The additional size and weight capacity of the Allegro chassis predictably allows a lot of additional features outside the actual living space. Above the coach, there are two air conditioners, but they run quieter and cool more evenly than the Free Spirit’s single air conditioner, thanks to a network of ceiling air ducts. Below the coach, there’s an automatic leveling system that’s operated by a single button press, and there are also four house batteries (vs. two in the Free Spirit). The Free Spirit had a solar panel to help keep those batteries charged, but the Allegro recharges its batteries more rapidly thanks to a gasoline-powered 7 kW generator that is automatically started when the battery voltage gets too low. The higher electrical storage and recharging capacity is essential for powering the residential refrigerator, which is four times larger than the Free Spirit’s refrigerator. These features combined with a larger propane tank and larger water holding tanks make the Allegro more energy- and water-independent for longer periods of dry camping (i.e., without electric/water/sewer hookups). As I wrote about previously, the plumbing, fresh water tank, and waste water tanks are all placed in a basement compartment that is heated by the propane furnace, so it is also possible to camp in freezing weather and still have fully active water systems.

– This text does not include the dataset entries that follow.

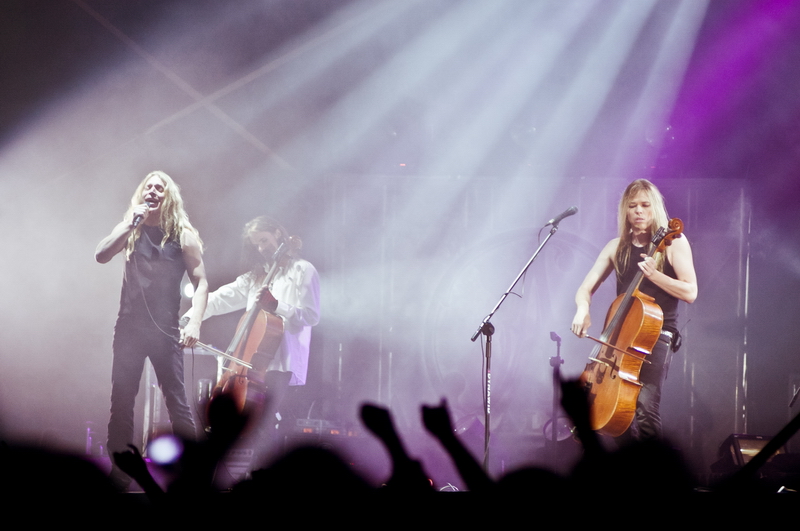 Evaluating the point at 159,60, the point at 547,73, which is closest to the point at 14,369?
the point at 159,60

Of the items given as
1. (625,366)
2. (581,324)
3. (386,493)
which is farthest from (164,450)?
(386,493)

You simply can’t put most of these Allegro features in a smaller motorhome like the ones made by LTV. Still, I remain a little bewildered as to why the purchase price is the same when the feature set is so different. There is some economy of scale (Tiffin manufactures many more RVs each year), but perhaps there are also a lot of hidden costs in building a small motorhome on a Mercedes Benz diesel chassis. The question remains: does the advantage of having all these features available for camping outweigh the driving flexibility and maneuverability offered by a smaller motorhome size? Honestly, I don’t yet know the answer to that question for me, never mind other people. But I think that making a Class A vs. B decision when buying your first motorhome is much harder than for people like us who are transitioning from one to another. In terms of driving and camping, we already know a lot about what we like and don’t like, what we need and what we can lose. Of course, that’s not the same now as it was two years ago, and there may be different priorities and pressures two years from now. Hmm, sounds a lot like evolution.